START Information given
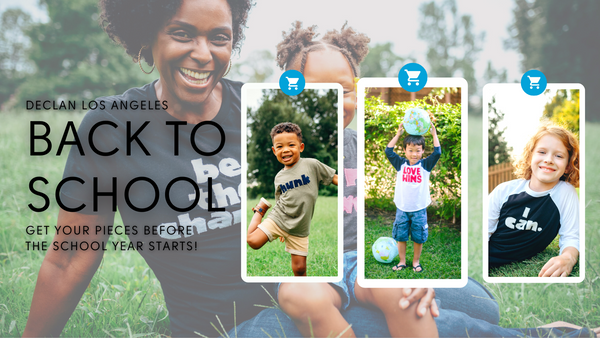 Back-to-School Shopping Made Easy: Comfy Tee Shirts and Fleece for Kids!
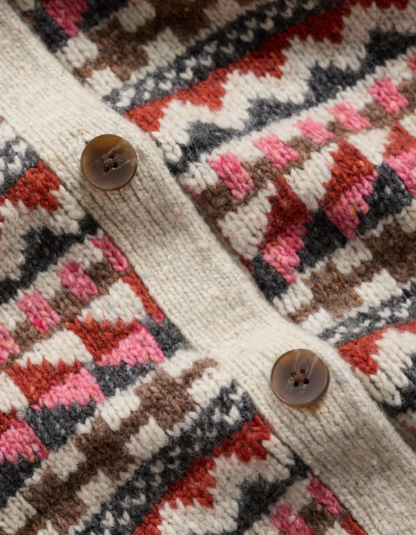 Seasalt Dawson Pick Fair Isle Sweater Vest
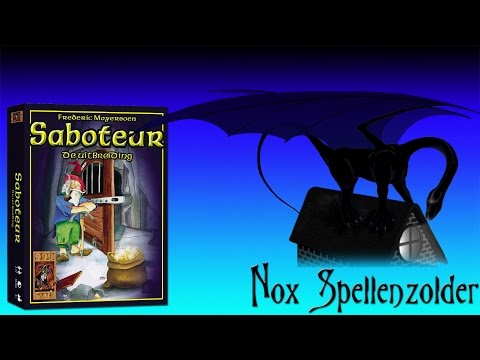 Saboteur - De Uitbreiding (NL)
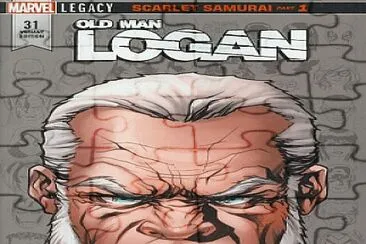 OLD MAN LOGAN - 031 jigsaw puzzle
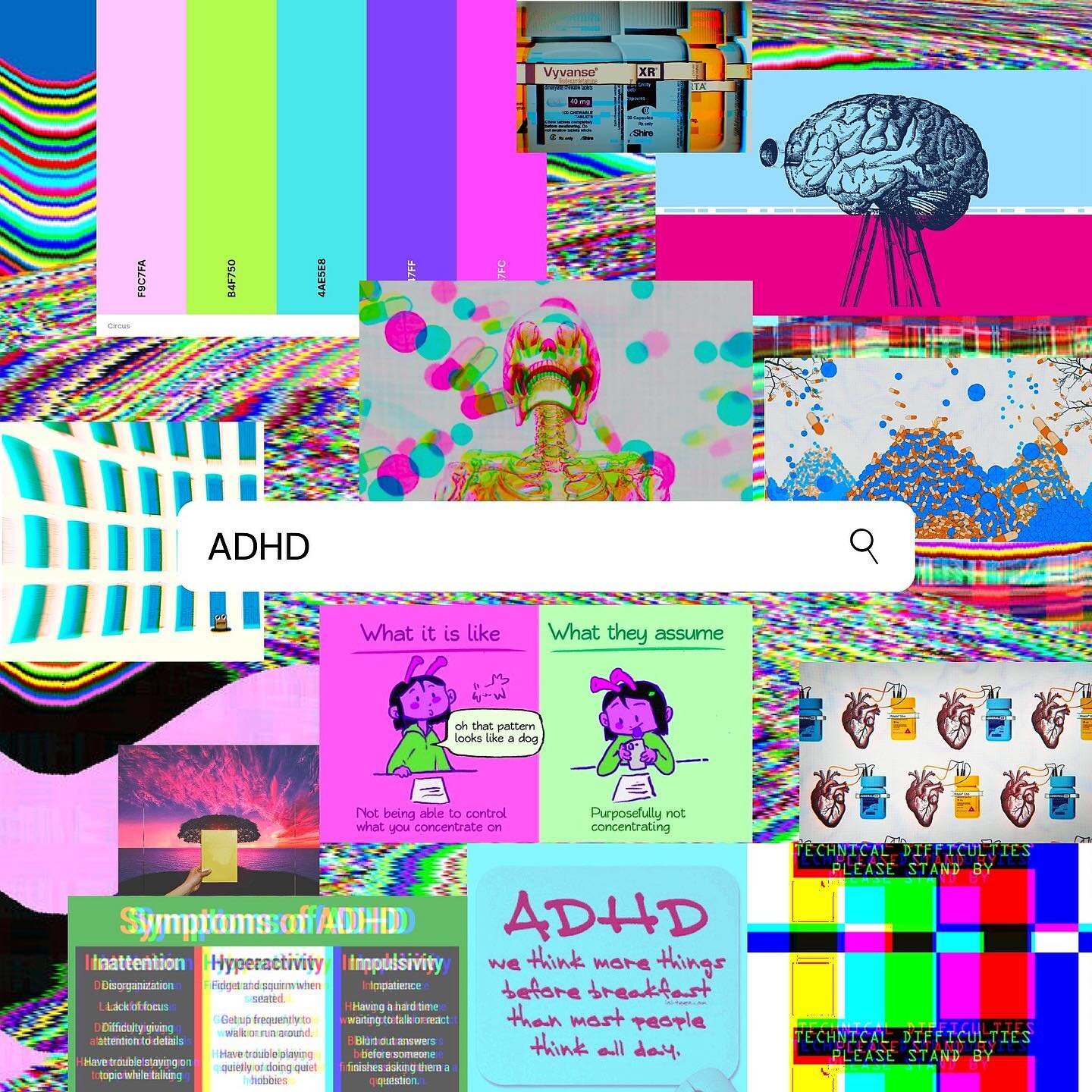 ❔Do people really know what ADHD is? That there are three types? That girls are commonly under-diagnosed due to the assumption that all ADHD is inattentive? That neurotypical brain development looks different than brains with ADHD? 🧠 About hyper foc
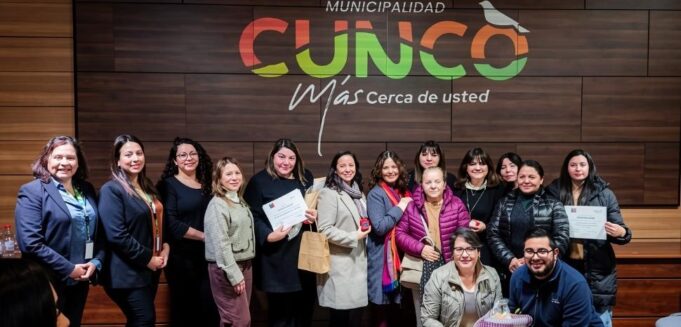 SEREMI de la mujer participa en lanzamiento de programas mujeres jefas de hogar y 4 a 7 en la comuna de Cunco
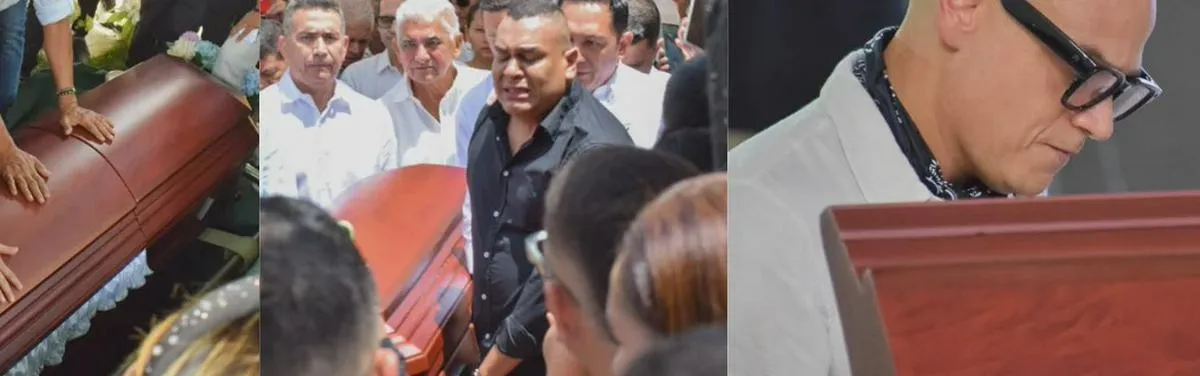 Así despidieron a Fabio Torres ‘El Rector’: lágrimas, rancheras y un emotivo recorrido por Zona Creativa en Valledupar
END Information given
**Description of the task**
The expected output is the exact run of lines from the one containing "SEREMI de la" through the final line of the data above, both ends included, with no pictures.

**Solution for this problem**
 SEREMI de la mujer participa en lanzamiento de programas mujeres jefas de hogar y 4 a 7 en la comuna de Cunco
 Así despidieron a Fabio Torres ‘El Rector’: lágrimas, rancheras y un emotivo recorrido por Zona Creativa en Valledupar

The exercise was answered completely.